The {RDP} package contains an implementation of the Ramer–Douglas–Peucker algorithm for reducing the number of points in a curve.
There are other R packages that offer implementations of the Ramer–Douglas–Peucker algorithm, but {RDP} has only a single dependency and it executes pretty fast.

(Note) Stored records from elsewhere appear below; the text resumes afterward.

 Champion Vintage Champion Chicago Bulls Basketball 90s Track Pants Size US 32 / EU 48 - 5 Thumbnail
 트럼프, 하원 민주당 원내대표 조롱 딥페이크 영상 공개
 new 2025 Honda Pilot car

{RDP} is available on CRAN and can be installed with the command
install.packages("RDP"){RDP} can also be installed from GitHub with the {remotes} package using this command:
remotes::install_github("robertdj/RDP")There is a single function in the {RDP} package. Here is an example from the Wikipedia page linked to above with a description of the algorithm. The original line is black and the approximating line is red.

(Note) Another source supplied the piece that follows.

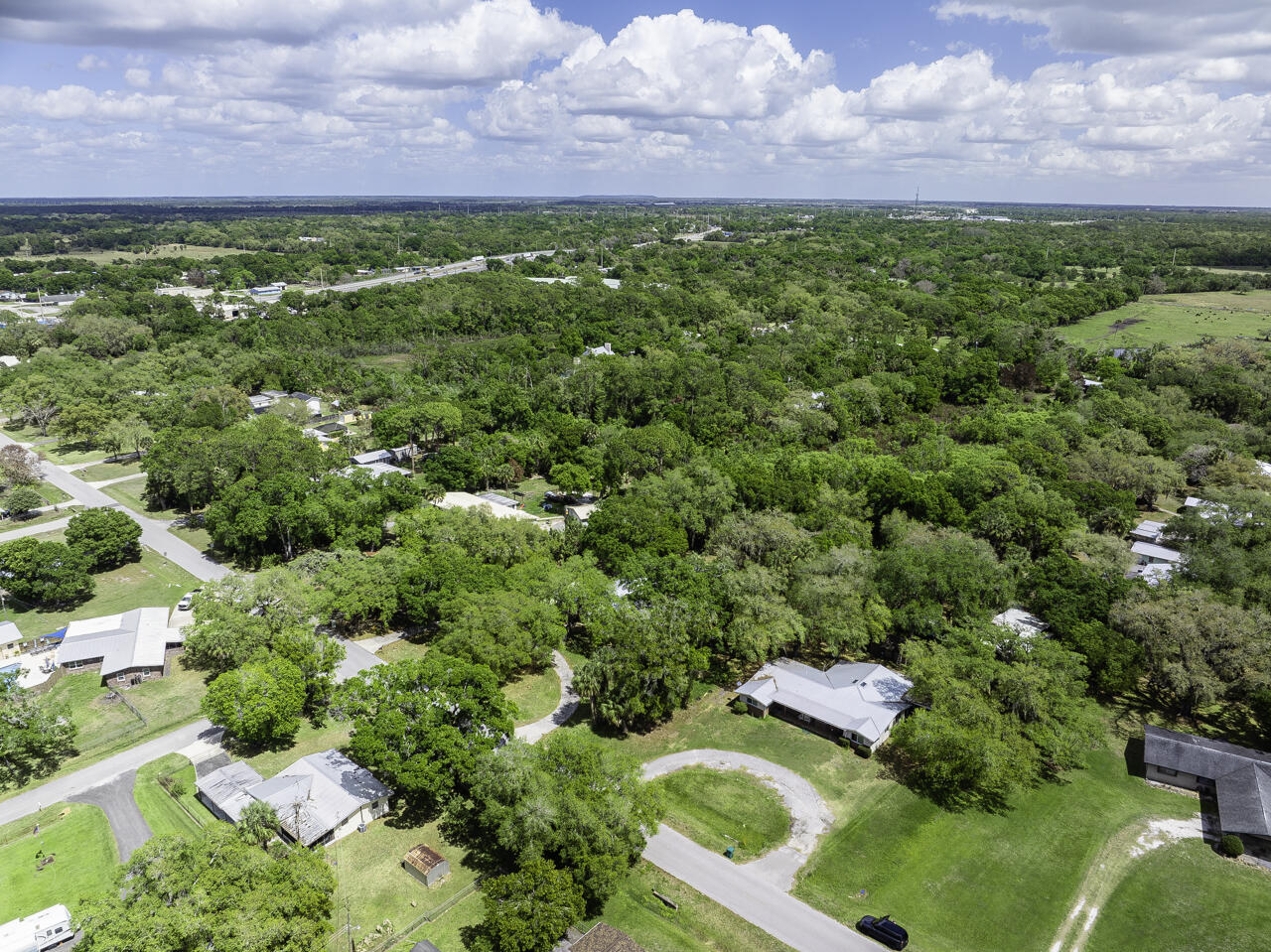 BET-HER ACRES - Residential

x <- seq(from = 0, to = 5, by = 0.01)
y <- exp(-x) * cos(2 * pi * x)
plot(x, y, type = "l")
lines(RDP::RamerDouglasPeucker(x, y, 0.06), col = "red", lty = 2)
Here is a comparison of the execution speed and memory usage of the {RDP} implementation and a pure R implementation from the {kmlShape} package:
x <- as.double(1:10^4)
y <- rnorm(length(x))
bench::mark(
RDP = RDP::RamerDouglasPeucker(x, y, epsilon = 0.1),
kmlShape = kmlShape::DouglasPeuckerEpsilon(x, y, epsilon = 0.1)
)
#> Warning: Some expressions had a GC in every iteration; so filtering is disabled.
#> # A tibble: 2 × 6
#> expression min median `itr/sec` mem_alloc `gc/sec`
#> <bch:expr> <bch:tm> <bch:tm> <dbl> <bch:byt> <dbl>
#> 1 RDP 822.57µs 938.5µs 945. 5.28MB 4.00
#> 2 kmlShape 5.11s 5.11s 0.196 35.74MB 13.5In this example we see from the {bench} package summary that {RDP} is several 1000 times faster and only use a fraction of the memory.
The C++ code was originally based on a Gist from TimSC, but over time it has been almost completely rewritten.
This package is almost exclusively C++ code that is linked against R. As explained in Rcpp's FAQ this leaves me no option but to use GPL.